In this section, we estimate parameters from a counts matrix using the default settings. The estimation process involves the following steps:
Estimating mean parameters by fitting a Weibull distribution (default) to the peak means.
Estimating library size parameters by fitting a log-normal distribution to the library sizes.
Estimating the sparsity parameter by fitting a Bernoulli distribution.
# Get the counts from test data
#counts <- readRDS(system.file("extdata", "test.rds", package = "simPIC"))
# Check that counts is a dgCMatrix
class(counts)
#> [1] "dgCMatrix"
#> attr(,"package")
#> [1] "Matrix"
typeof(counts)
#> [1] "S4"
# Check the dimensions, each row is a peak, each column is a cell
dim(counts)
#> [1] 90000 500
# Show the first few entries
counts[1:5, 1:5]
#> 5 x 5 sparse Matrix of class "dgCMatrix"
#> GTCACAAGTGGCATAG-1 CCATACCGTGAGGGTT-1
#> chr11-3622698-3623526 . .
#> chr1-40703222-40703996 . .
#> chr2-21316881-21317790 . .
#> chr18-3411756-3412657 . .
#> chr10-12446853-12447562 . .
#> AACAAAGGTCGTAGTT-1 ATTGTGGTCGATGTGT-1
#> chr11-3622698-3623526 . .
#> chr1-40703222-40703996 . .
#> chr2-21316881-21317790 . .
#> chr18-3411756-3412657 . .
#> chr10-12446853-12447562 . 1
#> TCTATTGGTCTGGGAA-1
#> chr11-3622698-3623526 .
#> chr1-40703222-40703996 .
#> chr2-21316881-21317790 .
#> chr18-3411756-3412657 .
#> chr10-12446853-12447562 .
new <- newsimPICcount()
new <- simPICestimate(counts)
#> simPIC is:
#> estimating library size parameters...
#> estimating sparsity...
#> estimating peak mean parameters...
#> using weibull distribution for estimating peak mean
## estimating using gamma distribution
## new <- simPICestimate(counts, pm.distr = "gamma")For more details on the estimation procedures, refer to
?simPICestimate.
Once we have a set of parameters, we can use the
simPICsimulate function to simulate counts. To modify the
parameters, simply provide them as additional arguments. If no
parameters are supplied, the default values will be used:
sim <- simPICsimulate(new, nCells = 500)
#> simPIC is:
#> updating parameters...
#> setting up SingleCellExperiment object...
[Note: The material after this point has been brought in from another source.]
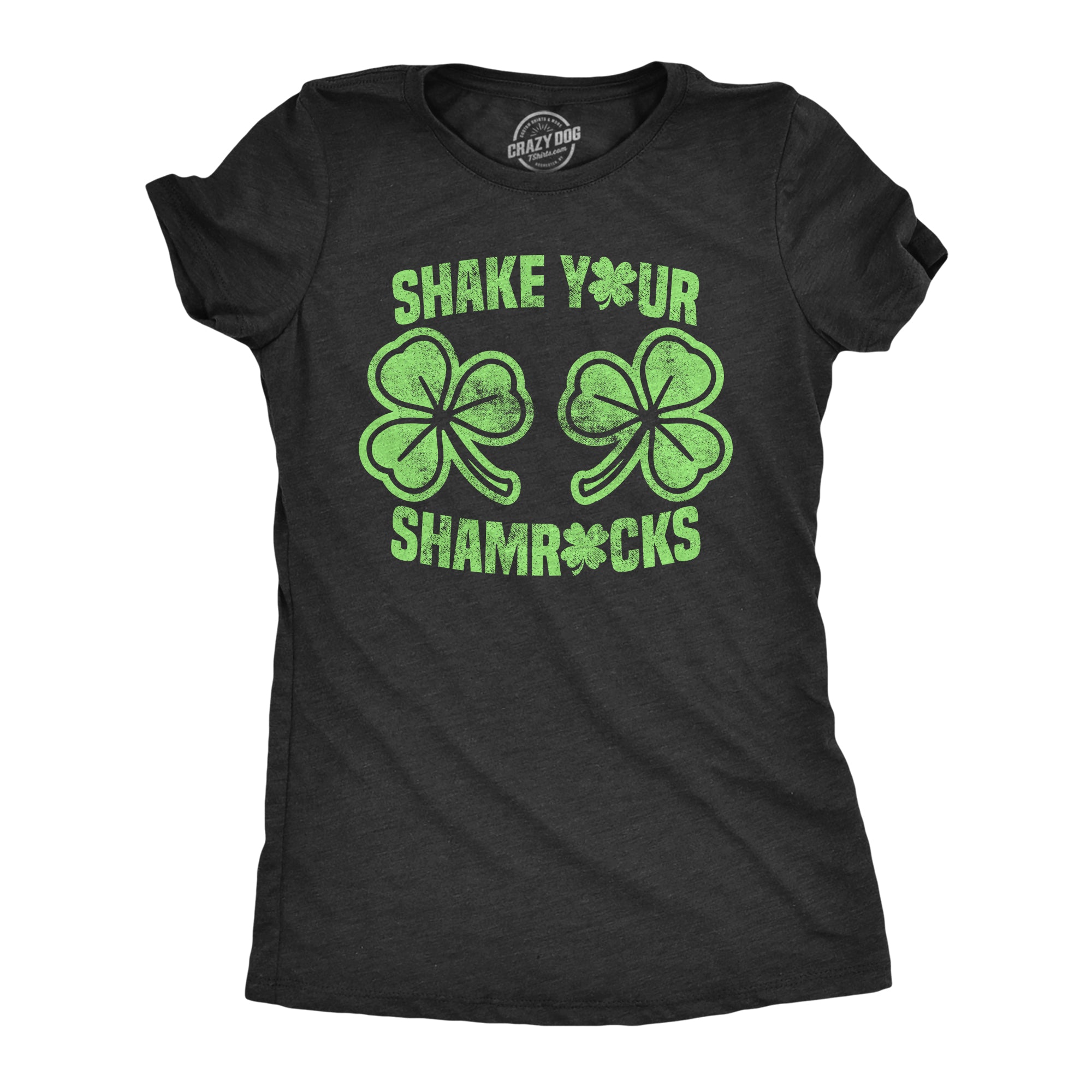 Funny Heather Black Shake Your Shamrocks Black Womens T Shirt Nerdy Saint Patrick's Day Drinking Sex Tee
#> Simulating library size...
#> Simulating peak mean...
#> using weibull distribution for simulating peak mean
#> Simulating true counts...
#> Done!!
sim
#> class: SingleCellExperiment
#> dim: 90000 500
#> metadata(1): Params
#> assays(3): BatchCellMeans BaseCellMeans counts
#> rownames(90000): Peak1 Peak2 ... Peak89999 Peak90000
#> rowData names(2): Peak exp.peakmean
#> colnames(500): Cell1 Cell2 ... Cell499 Cell500
#> colData names(3): Cell Batch exp.libsize
#> reducedDimNames(0):
#> mainExpName: NULL
#> altExpNames(0):
## simulating using gamma distribution
## sim <- simPICsimulate(new, nCells =500, pm.distr = "gamma")The output of simPICsimulate is a
SingleCellExperiment object, where sim
contains 90000 features (peaks) and 500 samples (cells). The main
component of this object is a matrix of simulated counts, organized by
features (peaks) and samples (cells), which can be accessed using the
counts function. In addition, the
SingleCellExperiment object stores metadata for each cell
(accessible via colData) and each peak (accessible via
rowData). simPIC uses these slots, along with
assays, to store intermediate values during the simulation
process.
# Access the counts
counts(sim)[1:5, 1:5]
#> Cell1 Cell2 Cell3 Cell4 Cell5
#> Peak1 0 0 0 0 0
#> Peak2 0 0 0 0 0
#> Peak3 0 0 0 0 0
#> Peak4 1 0 0 1 1
#> Peak5 0 0 0 0 0
# Information about peaks
head(rowData(sim))
#> DataFrame with 6 rows and 2 columns
#> Peak exp.peakmean
#> <character> <numeric>
#> Peak1 Peak1 1.24633e-06
#> Peak2 Peak2 5.57463e-08
#> Peak3 Peak3 1.23247e-05
#> Peak4 Peak4 6.20230e-05
#> Peak5 Peak5 9.34821e-06
#> Peak6 Peak6 6.83762e-07
# Information about cells
head(colData(sim))
#> DataFrame with 6 rows and 3 columns
#> Cell Batch exp.libsize
#> <character> <character> <numeric>
#> Cell1 Cell1 Batch1 12014
#> Cell2 Cell2 Batch1 7504
#> Cell3 Cell3 Batch1 10354
#> Cell4 Cell4 Batch1 14706
#> Cell5 Cell5 Batch1 9079
#> Cell6 Cell6 Batch1 8528
# Peak by cell matrices
names(assays(sim))
#> [1] "BatchCellMeans" "BaseCellMeans" "counts"The simPICsimulate function provides additional
simulation details:
Cell Information (colData)
- Cell: Unique cell identifier.
- exp.libsize: Expected library size for that cell (not
derived from the final simulated counts).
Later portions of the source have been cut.